Aim of the exercise.
Return the records in full, with every character preserved.

Collected data:
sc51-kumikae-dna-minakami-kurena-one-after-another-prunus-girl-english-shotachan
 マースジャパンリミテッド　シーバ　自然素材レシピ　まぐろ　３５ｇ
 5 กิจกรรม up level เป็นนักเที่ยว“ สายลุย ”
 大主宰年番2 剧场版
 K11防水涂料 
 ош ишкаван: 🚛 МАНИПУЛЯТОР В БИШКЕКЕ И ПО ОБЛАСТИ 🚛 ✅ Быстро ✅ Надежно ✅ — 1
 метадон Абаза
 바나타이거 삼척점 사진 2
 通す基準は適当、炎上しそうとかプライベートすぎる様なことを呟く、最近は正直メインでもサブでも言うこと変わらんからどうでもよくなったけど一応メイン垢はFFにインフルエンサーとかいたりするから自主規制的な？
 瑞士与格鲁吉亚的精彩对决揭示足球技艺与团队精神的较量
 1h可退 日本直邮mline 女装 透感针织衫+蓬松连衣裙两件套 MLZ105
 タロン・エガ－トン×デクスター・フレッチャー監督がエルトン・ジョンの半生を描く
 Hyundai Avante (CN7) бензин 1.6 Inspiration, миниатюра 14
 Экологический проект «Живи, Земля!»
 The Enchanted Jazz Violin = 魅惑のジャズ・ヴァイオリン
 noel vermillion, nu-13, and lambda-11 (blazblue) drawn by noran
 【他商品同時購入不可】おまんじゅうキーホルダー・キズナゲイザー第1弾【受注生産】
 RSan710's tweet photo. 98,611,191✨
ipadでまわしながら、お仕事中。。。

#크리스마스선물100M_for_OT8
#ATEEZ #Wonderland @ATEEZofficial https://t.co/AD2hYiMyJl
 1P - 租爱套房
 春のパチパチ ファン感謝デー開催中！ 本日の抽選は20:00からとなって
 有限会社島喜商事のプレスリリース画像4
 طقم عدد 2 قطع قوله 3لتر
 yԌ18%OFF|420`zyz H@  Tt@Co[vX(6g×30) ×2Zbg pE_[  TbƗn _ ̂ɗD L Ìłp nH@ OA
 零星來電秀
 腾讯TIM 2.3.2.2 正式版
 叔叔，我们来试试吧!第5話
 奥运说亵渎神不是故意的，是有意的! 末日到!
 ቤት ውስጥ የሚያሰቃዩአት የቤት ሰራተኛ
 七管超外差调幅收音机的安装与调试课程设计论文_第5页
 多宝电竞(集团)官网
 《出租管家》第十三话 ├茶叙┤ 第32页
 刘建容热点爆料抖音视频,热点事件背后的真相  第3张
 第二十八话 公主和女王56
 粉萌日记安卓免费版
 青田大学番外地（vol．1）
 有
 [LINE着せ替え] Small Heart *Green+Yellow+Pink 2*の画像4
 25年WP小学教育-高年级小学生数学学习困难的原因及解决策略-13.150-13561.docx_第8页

Your solution.
sc51-kumikae-dna-minakami-kurena-one-after-another-prunus-girl-english-shotachan
 マースジャパンリミテッド　シーバ　自然素材レシピ　まぐろ　３５ｇ
 5 กิจกรรม up level เป็นนักเที่ยว“ สายลุย ”
 大主宰年番2 剧场版
 K11防水涂料 
 ош ишкаван: 🚛 МАНИПУЛЯТОР В БИШКЕКЕ И ПО ОБЛАСТИ 🚛 ✅ Быстро ✅ Надежно ✅ — 1
 метадон Абаза
 바나타이거 삼척점 사진 2
 通す基準は適当、炎上しそうとかプライベートすぎる様なことを呟く、最近は正直メインでもサブでも言うこと変わらんからどうでもよくなったけど一応メイン垢はFFにインフルエンサーとかいたりするから自主規制的な？
 瑞士与格鲁吉亚的精彩对决揭示足球技艺与团队精神的较量
 1h可退 日本直邮mline 女装 透感针织衫+蓬松连衣裙两件套 MLZ105
 タロン・エガ－トン×デクスター・フレッチャー監督がエルトン・ジョンの半生を描く
 Hyundai Avante (CN7) бензин 1.6 Inspiration, миниатюра 14
 Экологический проект «Живи, Земля!»
 The Enchanted Jazz Violin = 魅惑のジャズ・ヴァイオリン
 noel vermillion, nu-13, and lambda-11 (blazblue) drawn by noran
 【他商品同時購入不可】おまんじゅうキーホルダー・キズナゲイザー第1弾【受注生産】
 RSan710's tweet photo. 98,611,191✨
ipadでまわしながら、お仕事中。。。

#크리스마스선물100M_for_OT8
#ATEEZ #Wonderland @ATEEZofficial https://t.co/AD2hYiMyJl
 1P - 租爱套房
 春のパチパチ ファン感謝デー開催中！ 本日の抽選は20:00からとなって
 有限会社島喜商事のプレスリリース画像4
 طقم عدد 2 قطع قوله 3لتر
 yԌ18%OFF|420`zyz H@  Tt@Co[vX(6g×30) ×2Zbg pE_[  TbƗn _ ̂ɗD L Ìłp nH@ OA
 零星來電秀
 腾讯TIM 2.3.2.2 正式版
 叔叔，我们来试试吧!第5話
 奥运说亵渎神不是故意的，是有意的! 末日到!
 ቤት ውስጥ የሚያሰቃዩአት የቤት ሰራተኛ
 七管超外差调幅收音机的安装与调试课程设计论文_第5页
 多宝电竞(集团)官网
 《出租管家》第十三话 ├茶叙┤ 第32页
 刘建容热点爆料抖音视频,热点事件背后的真相  第3张
 第二十八话 公主和女王56
 粉萌日记安卓免费版
 青田大学番外地（vol．1）
 有
 [LINE着せ替え] Small Heart *Green+Yellow+Pink 2*の画像4
 25年WP小学教育-高年级小学生数学学习困难的原因及解决策略-13.150-13561.docx_第8页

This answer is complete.